Fujifilm FinePix HS20EXR Overview
The Fujifilm FinePix HS20EXR places an EXR-branded sensor into an HS-series camera body. The 16 megapixel EXR sensor in the Fuji HS20EXR is a newly developed, CMOS imager, as opposed to earlier Super CCD EXR designs. It uses a backside-illuminated layout, with the wiring moved off the light-sensitive side of the chip, hence increasing the light gathering area available for each photodiode. Fuji's EXR image sensors feature a rearranged Color Filter Array, offering more effective pixel binning (for improved sensitivity at reduced resolution), plus the ability to read out half the pixels during exposure (for increased dynamic range). It isn't clear whether the new EXR-CMOS chip retains the same 45-degree octagonal pixel layout seen in Super CCD EXR ships, which allows somewhat increased resolution on the horizontal and vertical axes. The camera can automatically select the best mode of operation -- favoring the best resolution, dynamic range, or signal/noise ratio -- via its EXR Auto mode.

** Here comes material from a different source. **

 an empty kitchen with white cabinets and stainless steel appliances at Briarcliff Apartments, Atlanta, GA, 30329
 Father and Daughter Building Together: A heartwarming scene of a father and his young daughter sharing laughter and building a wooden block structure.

The Fuji HS20 couples its sensor with a Super EBC FUJINON-branded 30x optical zoom lens with manual zoom control, and actual focal lengths ranging from f/4.2 at wide angle to f/126 at telephoto, equating to the same range as a 35mm camera with a 24mm - 720mm lens, a generous wide angle to a very powerful telephoto. Maximum aperture varies from f/2.8 at wide angle to f/5.6 at telephoto, and the lens has 58mm filter threads. Given the extreme telephoto reach, mechanical image stabilization is obviously a necessity to fight blur from camera shake, and the Fuji FinePix HS20 includes sensor shift stabilization. Images and movies can be framed and reviewed either on an electronic viewfinder, or a 3.0-inch, tiltable LCD display. A proximity sensor detects when the camera is brought to the photographer's eye, and switches between the two display types automatically.
Output from the EXR-CMOS sensor is processed by a newly developed Fujifilm EXR-branded image processor, and the combination allows swift shooting at eight frames per second for as many as eight full resolution frames, as well as 11 frames per second shooting for an unspecified burst depth at a reduced eight megapixel resolution. For times when less speed is required, lower rates of three or five frames per second are also available. A contrast detection autofocus system in the camera is said to allow focusing in a minimum of 0.16 seconds, although no information is provided on the maximum focusing time required.
The Fujifilm HS20EXR can capture 1080p high definition videos at an unspecified frame rate using H.264 compression in a .MOV container, while still images can be saved in raw or JPEG formats, as well as in both formats simultaneously. There's also a 320 frames-per-second movie mode which shoots at unspecified resolution. A Motion Panorama mode uses the camera's swift shooting to capture a number of sequential photos for stitching into a 180, 240, or complete 360-degree panorama, either horizontally or vertically. An automatic scene recognition function can identify no less than 27 different scene types, and then configure the camera automatically as appropriate for the detected type. Other features include film simulation bracketing (Provia, Velvia, Astia), dynamic range bracketing (100%, 200%, 400%), and autoexposure bracketing, plus the ability to recognize the faces of eight specific individuals, and to automatically correct red-eye. Connectivity in the Fujifilm HS20 includes an optional cabled remote release, and a high definition mini-HDMI video output.
The Fujifilm FinePix HS20 ships from late March 2011, priced at around US$500.